Clutch Players in Shopping Apps

Posted on January 3, 2013 in News & Announcements

Philadelphia Business Journal | Peter Key | December 21, 2012

Ned Moore has gone from one of the driest and least public areas of software development to one of the most interesting and visible.

Moore was the CEO of Portico Systems Inc., which developed software used by health insurers to manage their dealings with health-care providers.

Untitled-1That’s not a sexy business, but Portico’s investors didn’t mind. The company, which was based in Blue Bell, was bought last year by McKesson Corp. for $90 million, including $5 million that was contingent upon it meeting performance milestones.

Now, Moore is the chairman, CEO and one of three co-founders of Clutch Holdings LLC, which earlier this month launched a multifunction mobile-commerce app. Consumers can use it to shop, participate in merchant loyalty programs and redeem gift cards. They can also post information from it to Facebook.

“If Pinterest was to get together with Facebook and Amazon, we would probably be the child of that situation on the mobile device,”

Moore said.

Clutch’s technology and strategy were developed over the past five years by Skepsu LLC. That company’s co-founders, Andy O’Dell and Dan Guy, co-founded Clutch along with Moore and are, respectively, Clutch’s chief commercial officer and chief technology officer.

Moore said he had always been interested in mobile technology and, after Portico was bought in July 2011, “came across Andy and Dan who had developed some technology and were figuring the best way to position it.”

Ben Franklin Technology Partners of Southeastern Pennsylvania last month approved Clutch for a $200,000 investment. Moore said the company has raised additional money from some well-known angel investors, but wouldn’t say how much or name the investors. He also said he has provided some funding for Clutch himself.

Clutch’s app is designed to appeal to consumers by letting them use just it, rather than multiple apps, to perform a variety of e-commerce functions, and by giving them access to deals that are relevant to where they’re shopping and what they’re considering buying. It can serve up information based on the location of its users and display relevant information when users call up the names of products or brands they’ve saved in it.

“If you’re searching for information, it’s right there at your fingertips,” Moore said.

The app is intended to appeal to merchants and manufacturers by giving them an easier way to reach consumers than creating their own apps and by enabling them to provide consumers with targeted information when the consumers are about to make a purchase.

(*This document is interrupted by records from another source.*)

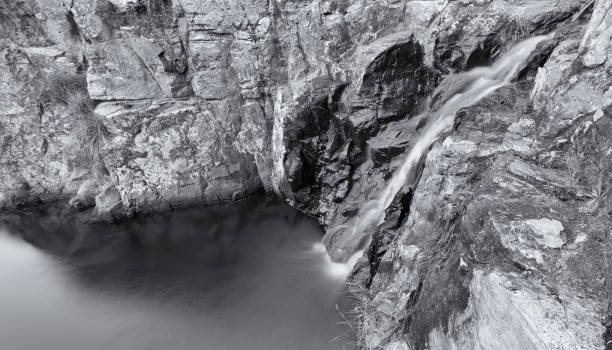istock Small waterfall landscape with long exposure high in river 891597350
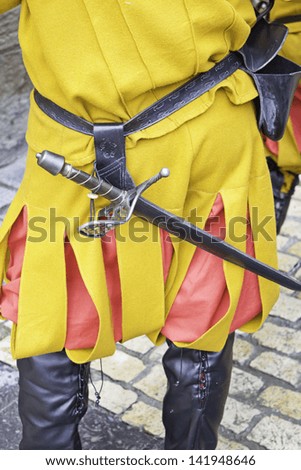 Medieval soldier with sword and uniform historical recreation, culture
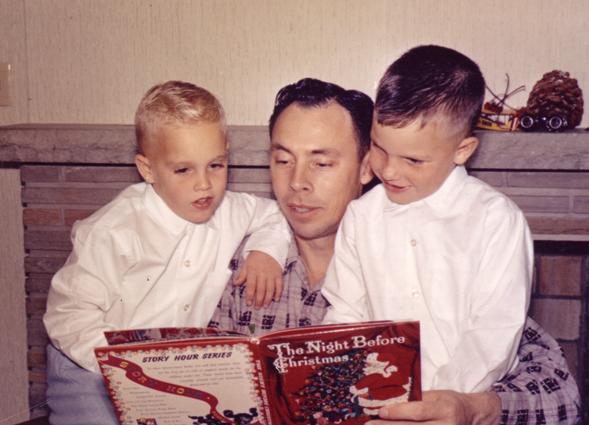 Chet Gilbert reading to sons Mike and Gordy.jpg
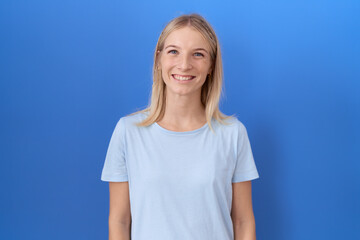 Young caucasian woman wearing casual blue t shirt with a happy and cool smile on face. lucky person.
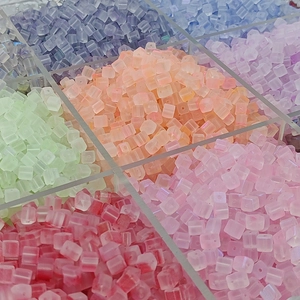 Vue macro de perles en verre givré 7mm couleurs macaron dans une boîte de rangement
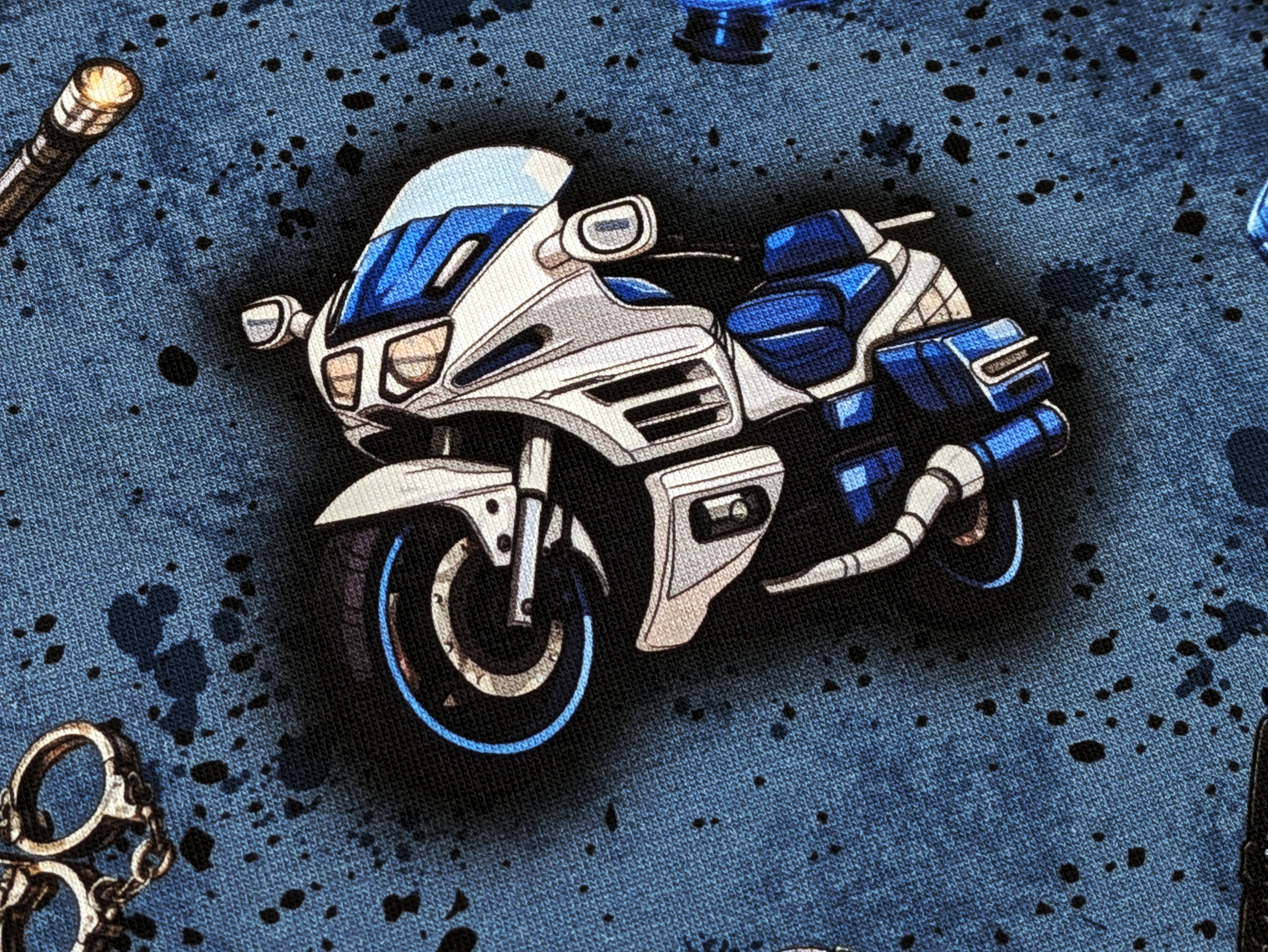 Eigenproduktion Baumwolljersey Rasante Polizei Motorrad auf Jeansblau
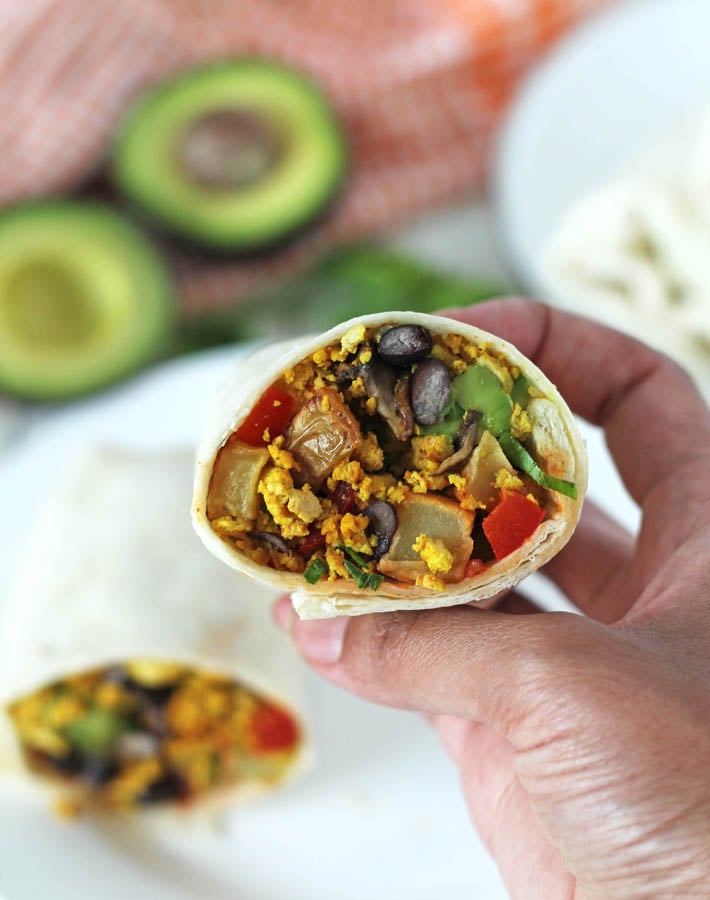 a close up of a Tofu Breakfast Burrito showing the inside.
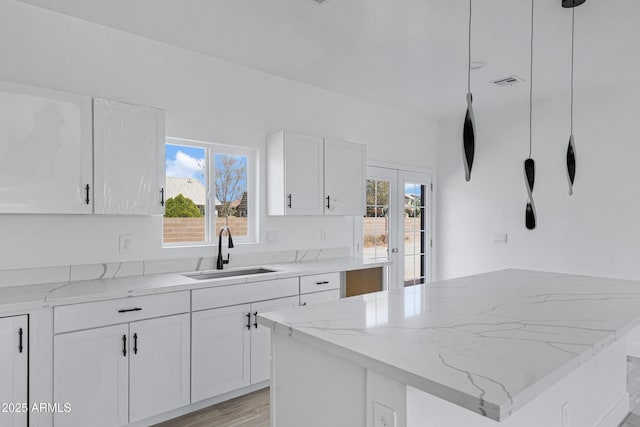 kitchen with light wood-style flooring, a sink, visible vents, white cabinets, and light stone countertops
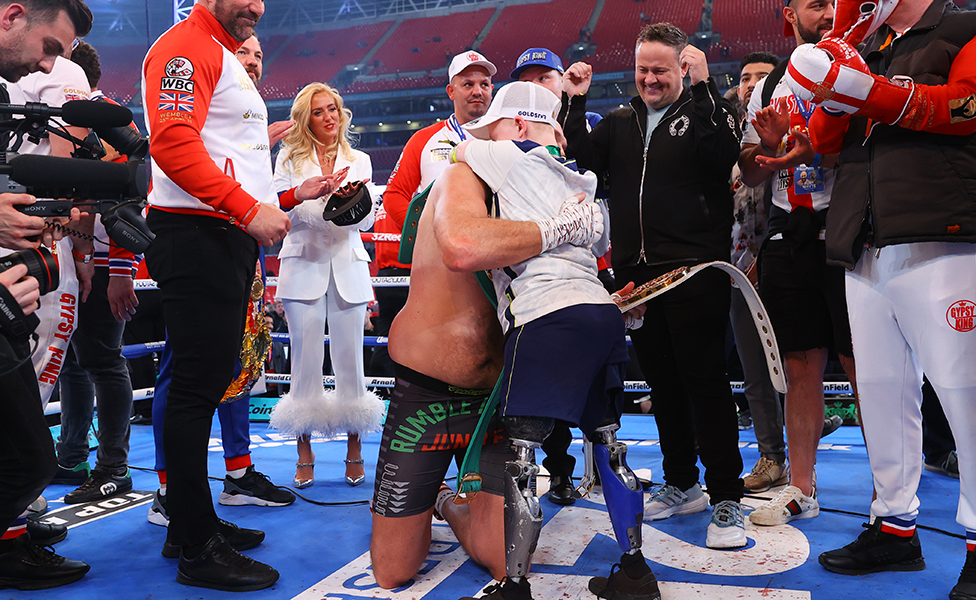 Marshall Janson hugging Tyson Fury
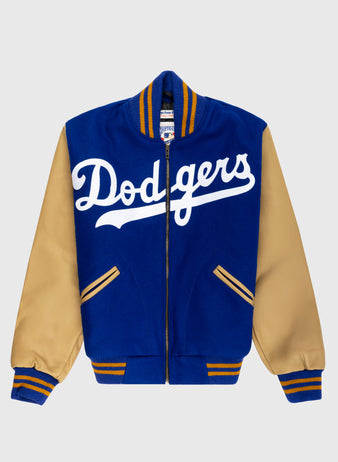 The EFF Brooklyn Dodgers 1951 Authentic Wool & Leather Varsity Jacket has a blue body, tan sleeves, striped cuffs and waistband, and large white Dodgers script—ideal for fans of classic Brooklyn Dodgers style.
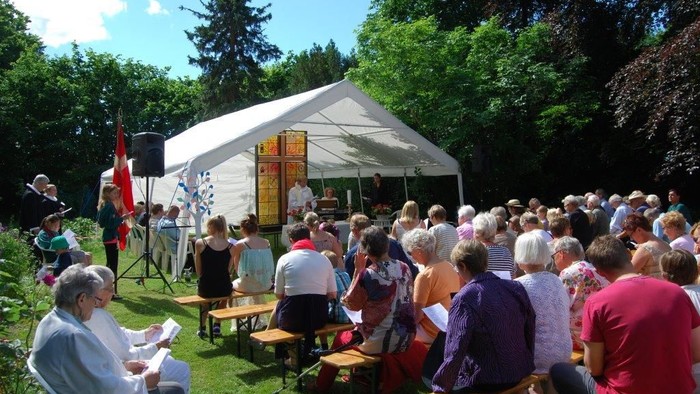 En gruppe mennesker sidder på bænke under et telt i en park og deltager i en udeaktivitet.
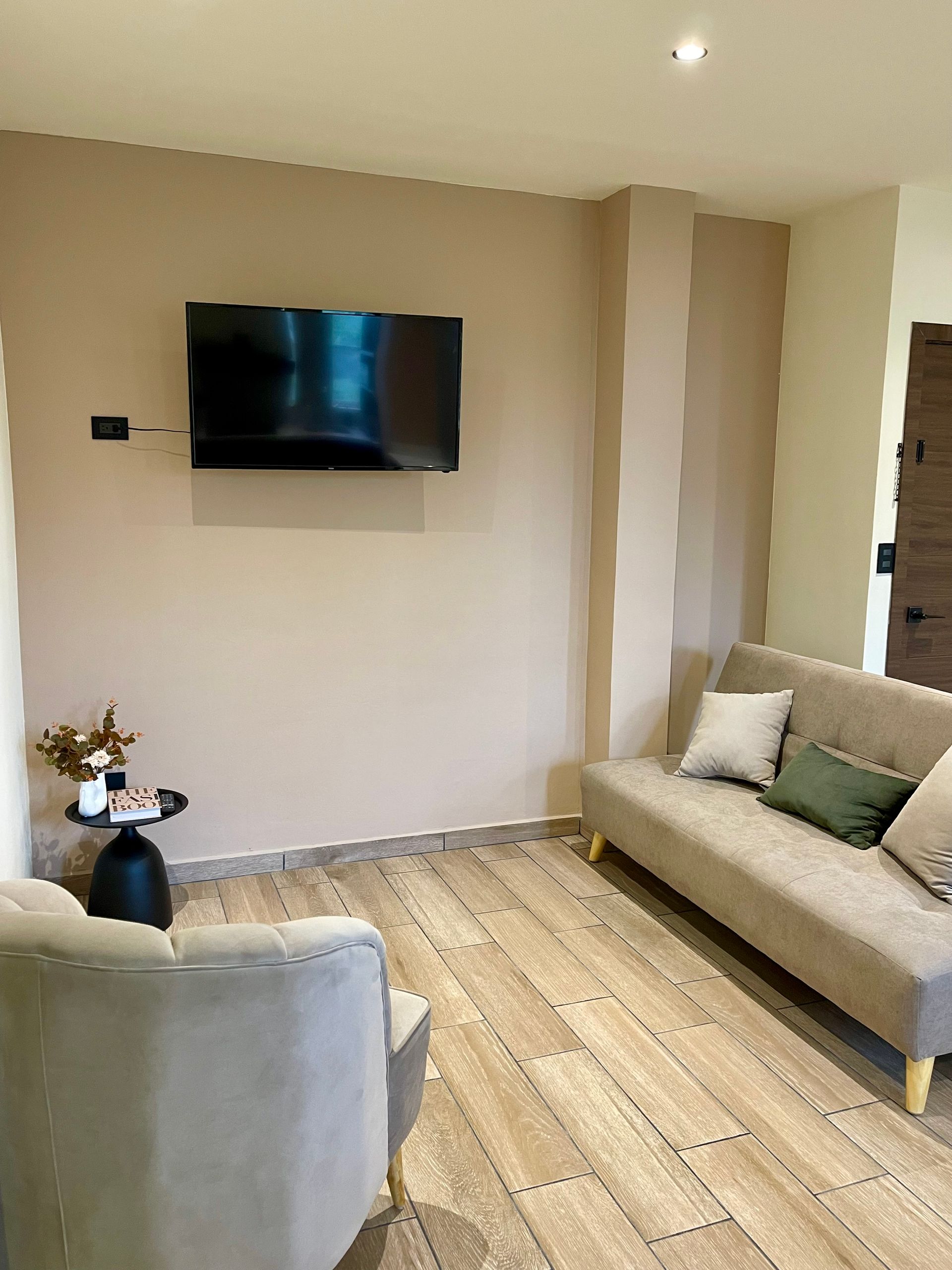 A living room with a couch , chair and television on the wall.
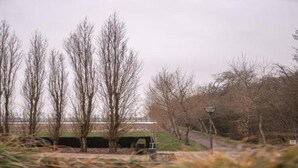 A park with leafless trees, a pathway, and a building in the background. - Cozy Boat in Merkem Near Lake (Houthulst)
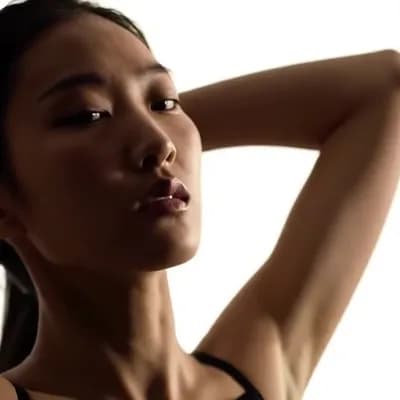 AI generated video: Arms raised, hands behind head. Pursed lips.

It also allows merchants and manufacturers to keep track of who has possession of outstanding gift cards, enabling them to market to those people and to reduce the chance of the cards not being used.

The former is important because people redeeming gift cards typically spend four to seven times the card’s value, Moore said.

The latter is important because some states, including New Jersey and, with some restrictions, Pennsylvania, declare gift cards to be unclaimed property if they’re not used in a specified period after they’re issued and require the issuers to pay them the amounts left on the cards.

“We solve that problem because we know who owns the card at all points in time,” Moore said.

Clutch generates revenue when people use its app to buy gift cards and redeem offers. To date, most of its arrangements with merchants and manufacturers are not direct ones, but Moore said it plans to try to change that next year.

Not having many direct relationships with merchants and manufacturers hasn’t stopped the company from getting goodies for its app’s users. When it launched the app on Dec. 6, Clutch said the app supported hundreds of merchants and brands and aggregated more than 100,000 deals, offers and rebates daily.

Clutch timed the launch of the app to the start of the holiday shopping season, but just far enough past Black Friday and Cyber Monday that it wouldn’t get buried in the blizzard of publicity around those days.

Among other things, it’s touting the app as good for procrastinators.

“You can [use it to] electronically buy a gift card and send it and send along a video if you want,” Moore said. “You can personalize it with a video or a picture and you can buy pretty late in the game and still get that done instantly.”

Shopping apps are seeing wide use. Forty-seven percent of smartphone owners used them at least once in June, according a post on The Nielsen Co.’s blog in August. The three most widely used, by a sizable margin, were the apps from eBay, Amazon and Groupon, although two retailers — Walgreens and Target — also had apps among the 10 shopping apps used the most in June.

Andrew B. Morris, a principal in inCode Consulting Group’s mobile commerce practice, said Clutch’s success will be predicated on whether consumers find using its app easier than using single-function or single-brand mobile-commerce apps and whether merchants and manufacturers will give up the control they get from having their own apps in exchange for the peace of mind they’ll get from not having to worry about developing their own apps and keeping them up to date.

What’s likely to happen, he thinks, is that some consumers and merchants and manufacturers will embrace Clutch — and similar apps that come on the market — and some will continue to use and issue single-function or single-brand mobile-commerce apps, just as consumers pay some bills online by going to the individuals billers’ websites and others by going to centralized sites, such as the ones operated by their banks.

“I think this is going to work the same way,” he said. “The retailers are going to have their own apps … [and] there also will be customers who prefer that integrated experience and in order for retailers to reach them, they’re going to have to participate in something like Clutch.”